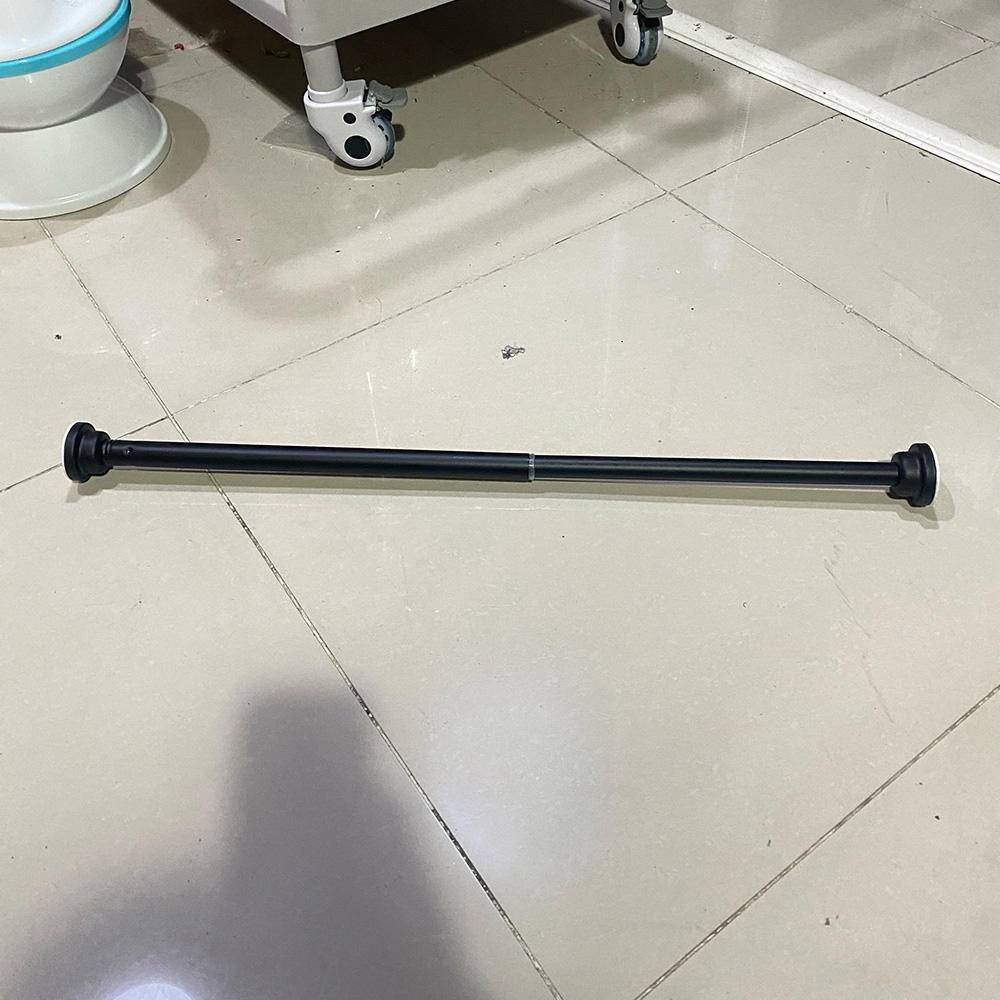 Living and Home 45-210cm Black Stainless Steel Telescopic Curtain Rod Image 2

==

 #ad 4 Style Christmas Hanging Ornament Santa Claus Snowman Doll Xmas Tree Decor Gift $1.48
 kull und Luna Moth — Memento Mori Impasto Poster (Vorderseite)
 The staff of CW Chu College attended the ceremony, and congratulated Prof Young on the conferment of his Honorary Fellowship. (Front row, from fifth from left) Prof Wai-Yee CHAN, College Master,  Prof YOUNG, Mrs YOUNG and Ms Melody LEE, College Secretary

--

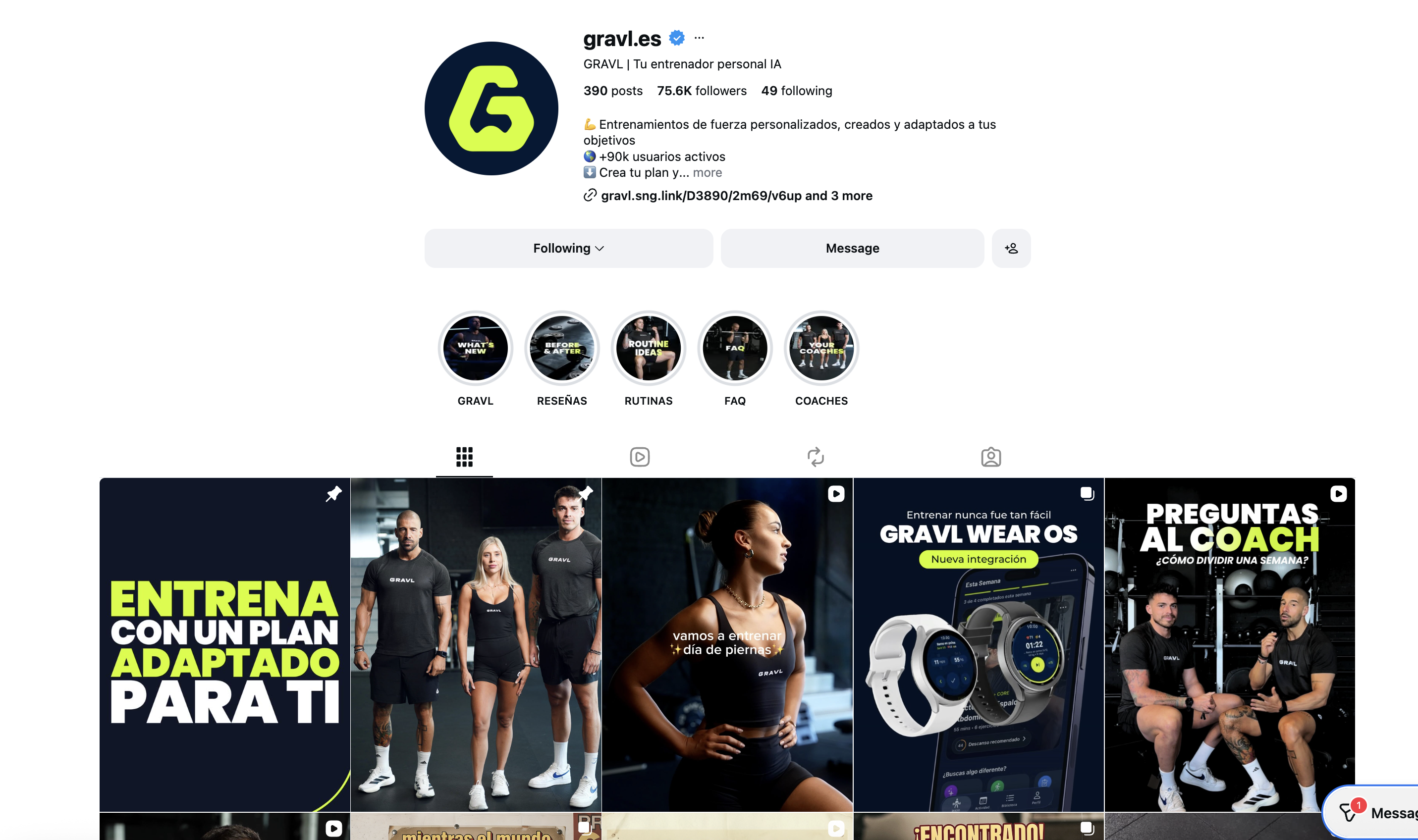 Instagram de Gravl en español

§ **Problem to work on**
Within the listing above, extract exactly the lines from the line with "kull und Luna" to the line with "The staff of", the two named lines included, and no others.

§ **Answer to this task**
 kull und Luna Moth — Memento Mori Impasto Poster (Vorderseite)
 The staff of CW Chu College attended the ceremony, and congratulated Prof Young on the conferment of his Honorary Fellowship. (Front row, from fifth from left) Prof Wai-Yee CHAN, College Master,  Prof YOUNG, Mrs YOUNG and Ms Melody LEE, College Secretary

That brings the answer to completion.